Geneva, London – A team of scientists from different countries have unpicked the regions of the brain involved in dreaming and acting as the “Hallmark of Dreaming.”

Dreams had long been known to occur during different phases of sleeping, but researchers didn’t know the exact reason behind them. Dreams occur largely during rapid eye-movement (REM) sleep, a period of slumber involving fast brain activity, however, they have also been reported to occur in REM sleep characterized with low brain activity.

In previous studies, participants being woken during the REM sleep didn’t see dreams.

To collect more data on dreams and their characteristics during both phases, researcher Francesca Siclari and colleagues from the US, Switzerland and Italy, carried out a series of experiments involving 46 participants, each of whom had their brain activity recorded while they slept by electroencephalogram (EEG) – a noninvasive technique that involved placing up to 256 electrodes on the scalp and face to monitor the number and size of brainwaves of different speeds.
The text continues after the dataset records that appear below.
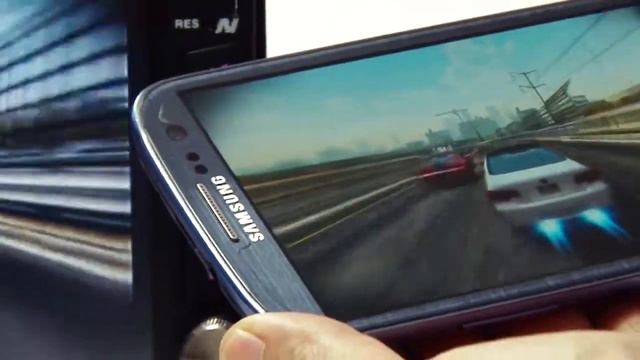 Eonon M1 Miracast & DLNA & NFC 2 Din Car DVD GPS Game Share смотреть онлайн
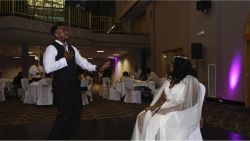 Wedding Capture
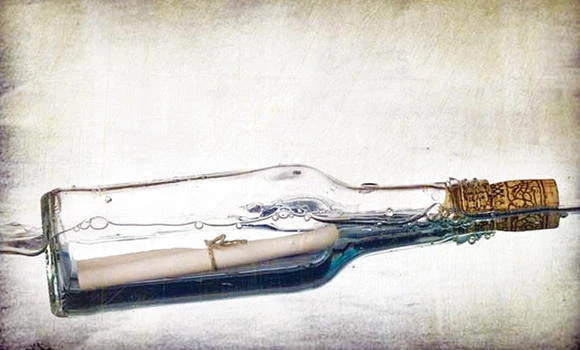 ‘Oldest’ message in a bottle found in Germany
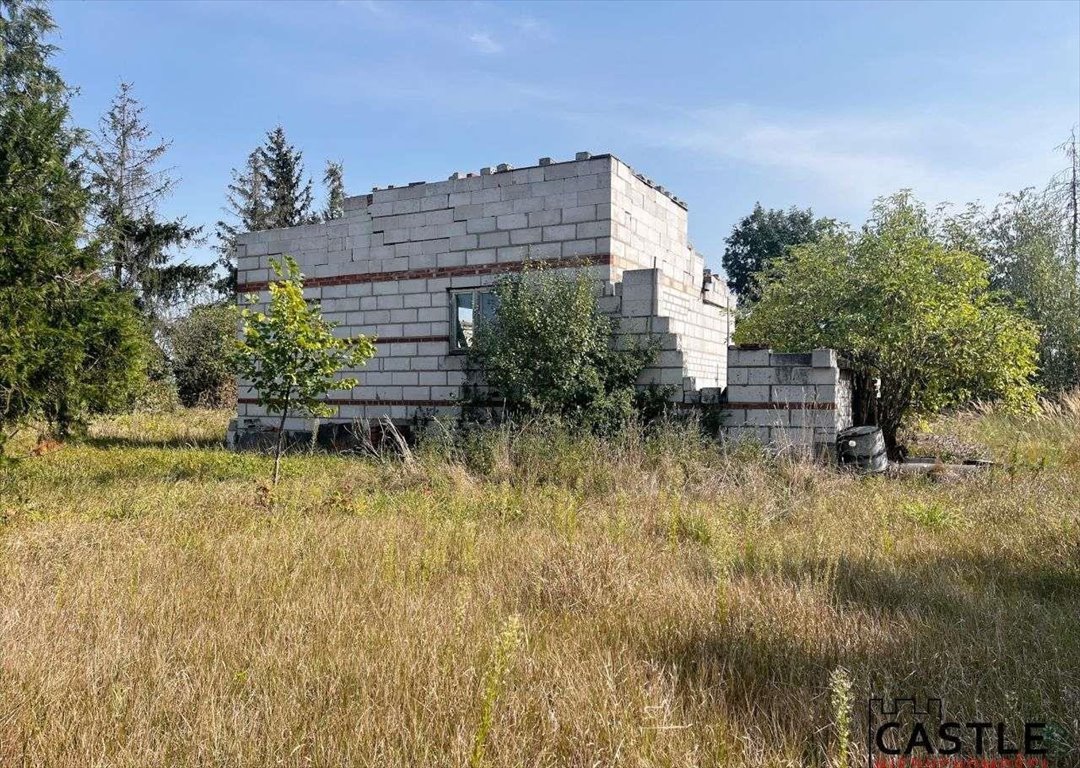 Działka budowlana na sprzedaż Duszniki  2 166m2 Foto 4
All involved participants were being woken at various points throughout the night and asked to report whether they had been dreaming. Analysis of the EEG recording revealed that dreaming was linked to a drop in low-frequency activity in a region at the back of the brain dubbed by the researchers the “posterior cortical hot zone.”

Researchers observed the brain’s activity and correctly predicted instances of dreaming and no dreaming 90% of the time.

In another experiment involving seven participants who were trained to describe their dreams in details, the researchers analyzed the brain activity during REM and found that dreaming about faces was linked to increased high-frequency activity in the region of the brain involved in face recognition, with dreams involving language or speech perception similarly linked to regions of the brain that handle such tasks when awake.